# Solve sin(x)-1=cos(x)

#### Elissa89

##### Member
So the problem is sin(x)-1=cos(x) and I don't know how to do this one.

#### Klaas van Aarsen

##### MHB Seeker
Staff member
Which formulas do you have available to add/subtract sine and/or cosine?

#### Elissa89

##### Member
Which formulas do you have available to add/subtract sine and/or cosine?
I don't know what you mean.

#### Klaas van Aarsen

##### MHB Seeker
Staff member
I don't know what you mean.
Well... erm... I'm a bit at a loss of the formulas you can use or not...

See for instance the wiki page of Trigonometric Identities for a list of such formulas...
This may be a bit overwhelming, but one of the formulas in that page is:
$$a\sin x+b\cos x=c\sin(x+\varphi)$$
where $c = \sqrt{a^2 + b^2}$ and $\varphi = \operatorname{atan2} \left( b, a \right)$.

To be fair, there's a good chance that you haven't been taught this formula... but what have you been taught?
Or what are you otherwise supposed to know and be able to apply?

#### Greg

##### Perseverance
Staff member
I don't think it has to be too complicated.
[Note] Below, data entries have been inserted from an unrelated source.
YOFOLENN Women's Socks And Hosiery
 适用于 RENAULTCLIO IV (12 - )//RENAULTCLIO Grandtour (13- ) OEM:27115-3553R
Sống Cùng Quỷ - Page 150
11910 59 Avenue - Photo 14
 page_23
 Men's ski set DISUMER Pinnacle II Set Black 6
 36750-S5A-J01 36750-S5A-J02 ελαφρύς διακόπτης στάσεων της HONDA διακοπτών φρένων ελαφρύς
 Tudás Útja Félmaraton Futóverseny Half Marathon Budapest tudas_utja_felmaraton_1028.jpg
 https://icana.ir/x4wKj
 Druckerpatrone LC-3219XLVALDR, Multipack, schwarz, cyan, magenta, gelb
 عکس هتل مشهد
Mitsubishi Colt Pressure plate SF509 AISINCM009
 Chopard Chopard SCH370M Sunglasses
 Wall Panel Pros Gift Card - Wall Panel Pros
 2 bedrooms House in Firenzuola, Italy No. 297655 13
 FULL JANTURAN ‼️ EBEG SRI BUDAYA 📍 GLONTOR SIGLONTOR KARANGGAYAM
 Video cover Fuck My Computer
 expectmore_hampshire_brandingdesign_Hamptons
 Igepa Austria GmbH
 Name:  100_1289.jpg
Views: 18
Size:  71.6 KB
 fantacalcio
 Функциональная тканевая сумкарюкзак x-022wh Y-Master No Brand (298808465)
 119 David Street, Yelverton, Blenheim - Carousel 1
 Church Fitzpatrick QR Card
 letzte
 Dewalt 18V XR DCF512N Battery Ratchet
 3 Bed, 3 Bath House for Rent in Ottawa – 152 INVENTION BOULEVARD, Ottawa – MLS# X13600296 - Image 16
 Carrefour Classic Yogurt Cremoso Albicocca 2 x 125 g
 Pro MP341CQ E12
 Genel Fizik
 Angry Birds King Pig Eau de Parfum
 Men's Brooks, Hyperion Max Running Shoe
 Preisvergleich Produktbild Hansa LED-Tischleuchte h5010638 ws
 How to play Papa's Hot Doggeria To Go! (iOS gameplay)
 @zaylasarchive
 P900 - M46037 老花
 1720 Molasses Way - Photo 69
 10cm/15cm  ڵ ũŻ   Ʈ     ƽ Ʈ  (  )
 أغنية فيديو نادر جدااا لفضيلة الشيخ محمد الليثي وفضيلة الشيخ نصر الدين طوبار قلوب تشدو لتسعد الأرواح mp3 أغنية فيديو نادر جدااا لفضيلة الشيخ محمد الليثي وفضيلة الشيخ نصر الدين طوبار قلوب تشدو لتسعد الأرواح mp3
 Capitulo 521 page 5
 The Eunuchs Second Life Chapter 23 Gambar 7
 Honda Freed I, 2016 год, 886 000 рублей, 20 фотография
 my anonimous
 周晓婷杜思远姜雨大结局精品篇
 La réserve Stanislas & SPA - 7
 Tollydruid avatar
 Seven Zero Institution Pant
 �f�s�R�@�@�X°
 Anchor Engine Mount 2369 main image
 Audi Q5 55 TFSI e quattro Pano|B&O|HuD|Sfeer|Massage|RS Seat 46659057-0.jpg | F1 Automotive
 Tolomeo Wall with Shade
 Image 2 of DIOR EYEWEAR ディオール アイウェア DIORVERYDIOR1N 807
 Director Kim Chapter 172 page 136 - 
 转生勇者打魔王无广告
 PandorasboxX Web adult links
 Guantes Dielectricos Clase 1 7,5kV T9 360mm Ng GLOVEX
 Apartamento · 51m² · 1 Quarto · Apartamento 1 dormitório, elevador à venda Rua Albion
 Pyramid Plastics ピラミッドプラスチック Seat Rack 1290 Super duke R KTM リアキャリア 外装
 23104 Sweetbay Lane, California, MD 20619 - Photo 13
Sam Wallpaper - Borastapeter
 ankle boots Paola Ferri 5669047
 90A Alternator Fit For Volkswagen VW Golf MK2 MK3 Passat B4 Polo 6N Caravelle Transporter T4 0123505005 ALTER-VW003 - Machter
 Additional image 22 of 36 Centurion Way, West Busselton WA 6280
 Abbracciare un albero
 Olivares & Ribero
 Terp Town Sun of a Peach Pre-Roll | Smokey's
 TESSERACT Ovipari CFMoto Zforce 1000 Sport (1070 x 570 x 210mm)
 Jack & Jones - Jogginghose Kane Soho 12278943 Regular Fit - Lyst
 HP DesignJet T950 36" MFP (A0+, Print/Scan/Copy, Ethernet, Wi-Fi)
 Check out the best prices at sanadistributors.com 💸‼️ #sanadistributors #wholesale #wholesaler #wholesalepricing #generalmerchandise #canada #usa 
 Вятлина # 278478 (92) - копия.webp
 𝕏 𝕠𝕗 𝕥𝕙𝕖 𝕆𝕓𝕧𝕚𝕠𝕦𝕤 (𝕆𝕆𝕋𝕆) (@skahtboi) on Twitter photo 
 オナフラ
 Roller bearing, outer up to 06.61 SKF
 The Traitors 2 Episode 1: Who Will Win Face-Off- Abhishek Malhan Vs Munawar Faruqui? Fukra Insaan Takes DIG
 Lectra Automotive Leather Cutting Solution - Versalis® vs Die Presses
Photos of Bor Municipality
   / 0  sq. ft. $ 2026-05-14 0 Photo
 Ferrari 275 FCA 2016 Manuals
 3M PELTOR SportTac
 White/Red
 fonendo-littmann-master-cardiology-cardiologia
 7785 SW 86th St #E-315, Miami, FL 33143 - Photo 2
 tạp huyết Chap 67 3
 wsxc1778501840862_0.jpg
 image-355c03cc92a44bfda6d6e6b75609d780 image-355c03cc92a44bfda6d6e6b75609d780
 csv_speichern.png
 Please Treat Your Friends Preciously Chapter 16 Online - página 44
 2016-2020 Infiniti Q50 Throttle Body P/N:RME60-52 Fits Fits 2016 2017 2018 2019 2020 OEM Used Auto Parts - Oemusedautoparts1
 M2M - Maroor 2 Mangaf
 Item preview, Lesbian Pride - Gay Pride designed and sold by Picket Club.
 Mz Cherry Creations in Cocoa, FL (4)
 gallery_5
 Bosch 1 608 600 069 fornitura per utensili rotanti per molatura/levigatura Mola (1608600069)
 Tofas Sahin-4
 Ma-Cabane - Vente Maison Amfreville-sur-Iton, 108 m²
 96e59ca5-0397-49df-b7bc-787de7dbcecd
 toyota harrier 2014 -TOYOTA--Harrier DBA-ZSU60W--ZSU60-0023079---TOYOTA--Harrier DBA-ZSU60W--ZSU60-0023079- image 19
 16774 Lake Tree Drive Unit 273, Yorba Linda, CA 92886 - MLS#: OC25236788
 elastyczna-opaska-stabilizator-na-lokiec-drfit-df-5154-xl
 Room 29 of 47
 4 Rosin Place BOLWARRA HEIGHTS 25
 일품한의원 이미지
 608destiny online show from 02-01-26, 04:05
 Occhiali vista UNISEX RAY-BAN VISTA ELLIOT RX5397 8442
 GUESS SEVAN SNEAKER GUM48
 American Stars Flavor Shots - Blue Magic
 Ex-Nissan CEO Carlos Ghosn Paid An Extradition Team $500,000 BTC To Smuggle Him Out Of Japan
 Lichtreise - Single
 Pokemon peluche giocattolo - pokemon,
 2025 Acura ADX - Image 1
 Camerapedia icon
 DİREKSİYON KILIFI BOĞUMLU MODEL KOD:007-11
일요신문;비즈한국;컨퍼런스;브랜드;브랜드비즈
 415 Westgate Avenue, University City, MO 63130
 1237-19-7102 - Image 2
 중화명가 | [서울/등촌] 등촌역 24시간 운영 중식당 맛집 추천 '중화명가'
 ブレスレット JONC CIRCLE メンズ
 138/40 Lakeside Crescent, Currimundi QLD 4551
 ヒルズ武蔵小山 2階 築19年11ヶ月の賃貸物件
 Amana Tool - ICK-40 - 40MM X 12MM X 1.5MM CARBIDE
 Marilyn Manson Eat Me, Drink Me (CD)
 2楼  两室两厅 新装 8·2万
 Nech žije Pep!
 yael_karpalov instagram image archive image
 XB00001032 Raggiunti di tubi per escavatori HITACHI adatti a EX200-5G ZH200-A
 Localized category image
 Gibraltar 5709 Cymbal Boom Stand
Square both sides of the given equation (post back if you don't know how to do that) and use the identity $\cos^2(x)=1-\sin^2(x)$. Simplify and solve the resulting equation, then check your results with the given equation.

#### Elissa89

##### Member
I don't think it has to be too complicated.

Square both sides of the given equation (post back if you don't know how to do that) and use the identity $\cos^2(x)=1-\sin^2(x)$. Simplify and solve the resulting equation, then check your results with the given equation.
I did that but I'm still lost. My professor emailed me back, said to square both sides the squared cos can be turned into sines using the pythagorean theorem identity. Which doesn't make sense to me because the pythagorean theorem identity still has cosines in it?

$$\sin(x)-1=\cos(x) \\ (\sin(x)-1)^2=\cos^2(x) \\ \sin^2 x - 2\sin x + 1 = \cos^2x$$
Now we can turn the $\cos^2x$ into sines by using $\cos^2x=1-\sin^2x$, as greg1313 suggested, can't we?